There are also about 40 rather appalling (some amusing) illustrations from previous centuries in this (for a change) accurately named little tome, showing the horrors of past medical practices. They enliven Porter's text, but you may need a magnifying glass to catch all the nuances--as though you might want to do that!--since some of the prints, while small enough to fit the page are not large enough for the unaided eye.

In short, this is a quick and unsettling read that may make the reader wonder about how future generations will view some of the medical procedures practiced today.


4 out of 5 stars Informative but brief account of medical history   April 25, 2003
 3 out of 3 found this review helpful

This book does not have lots of blood and guts in it. What it does have is a series of linked episodes that together describe the history behind many medical practises still in use today.

The story the book is trying to put across relates to societies attitude to medicine and surgery as well as the treatments that went with them.

It shows that in many ways society is just as prudish as it was hundreds of years ago in how it feels about medical practise.
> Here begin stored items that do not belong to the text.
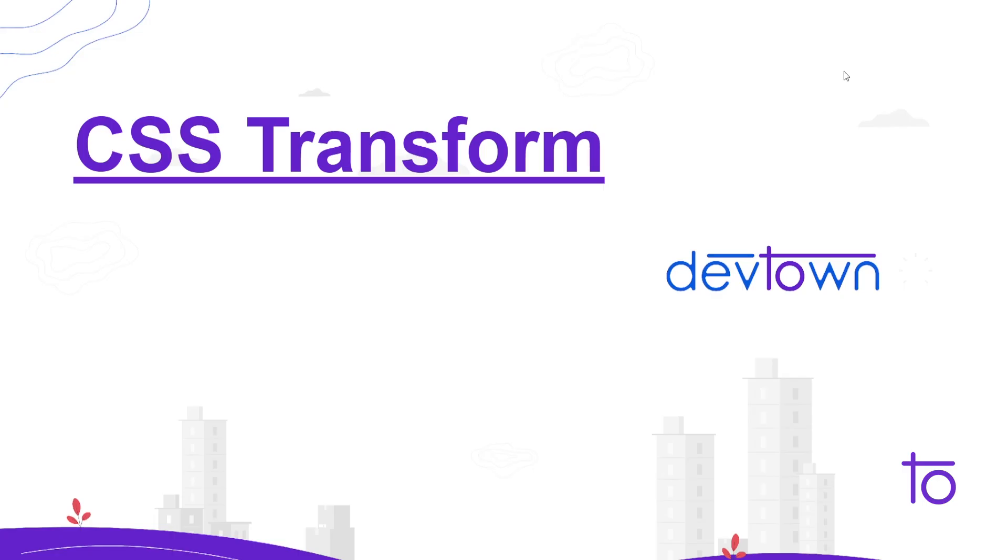Hey guys, how are you? I hope you're doing well. Myself Vikrant and welcome back to yet another video. In this video we're going to see what are CSS transform properties. In the previous video we had seen how to implement CSS transitions, so today we're going to see transition and transform alongside.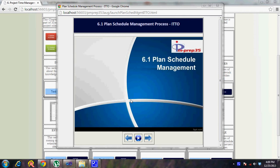In this session I am going to cover the Plan Schedule Management process. This process is part of the Time Management knowledge area and is a planning process. Scope, time, and cost — the triple constraints — are central here, and the schedule management process, which relates to time, is a very important planning process.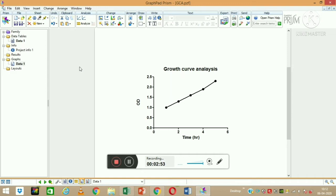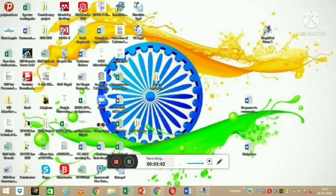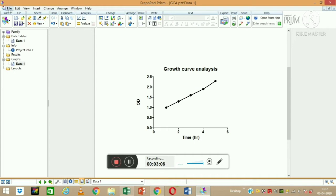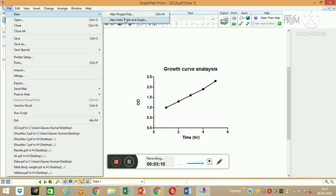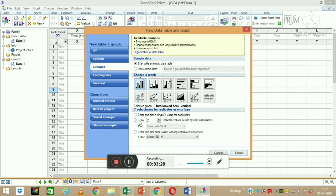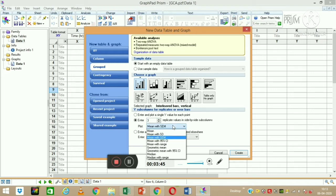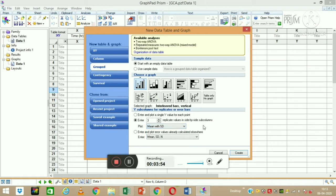If we have multiple Y values or different replicates, we can go back to the starting point, or if we want to continue in the same file, we can go to File > New and add a new page to the same file by clicking 'New Data Table and Graph.' Here we can select how many replicate values we have — for example, two or three replicates. It will then ask how you want to plot your data: usually mean with standard deviation, or mean with standard error. You can select any option based on your choice.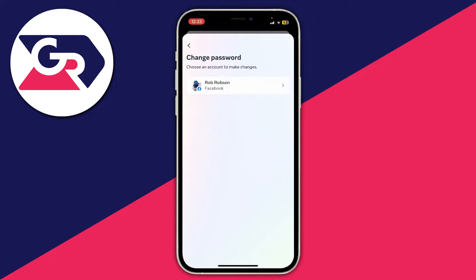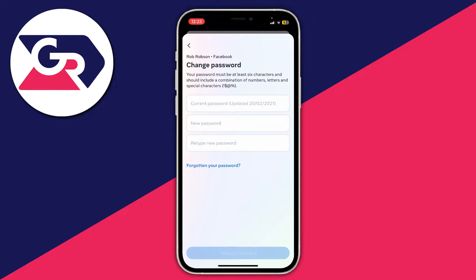Click on change password, you can then choose the account — in this case it's Rob Robson — and then you can go and change your password. You'll first need to enter your current password before you can enter your new password. But if you've forgotten your current password, you can click on forgotten your password and go and reset it, which will also change your password.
The book can be read in sections to cover each turn of the medical establishment in line with social prejudice.

An easy read, and a book that can be dipped into a chapter or to at a time for bedtime reading.


3 out of 5 stars A brief and superficial history of medicine   February 27, 2003
 4 out of 7 found this review helpful

In "Blood & Guts", Roy Porter recounts a brief history of medicine, from the the effects of disease on the earliest human populations, through the catastrophic plagues and epidemics that afflicted towns and cities as population densities increased, to the modern day, when people who have never been healthier worry more about their health and spend more money on it than any of their ancestors.
While the historical sections of the book are interesting, though fairly superficial, Porter's treatment of the "socialization of medicine and the medicalization of society" is too perfunctory. There is no discussion of either the benefits or the dangers of increased application of science and technology to drug discovery or surgical technique, nor is there any mention of the rise in iatrogenic (physician-induced) illness or the alienation of patients from their own bodies. It isn't the place of a book like this to proffer models for improved healthcare systems but a discussion of how medicine itself might have developed differently and what difference that would have made to society would be welcome.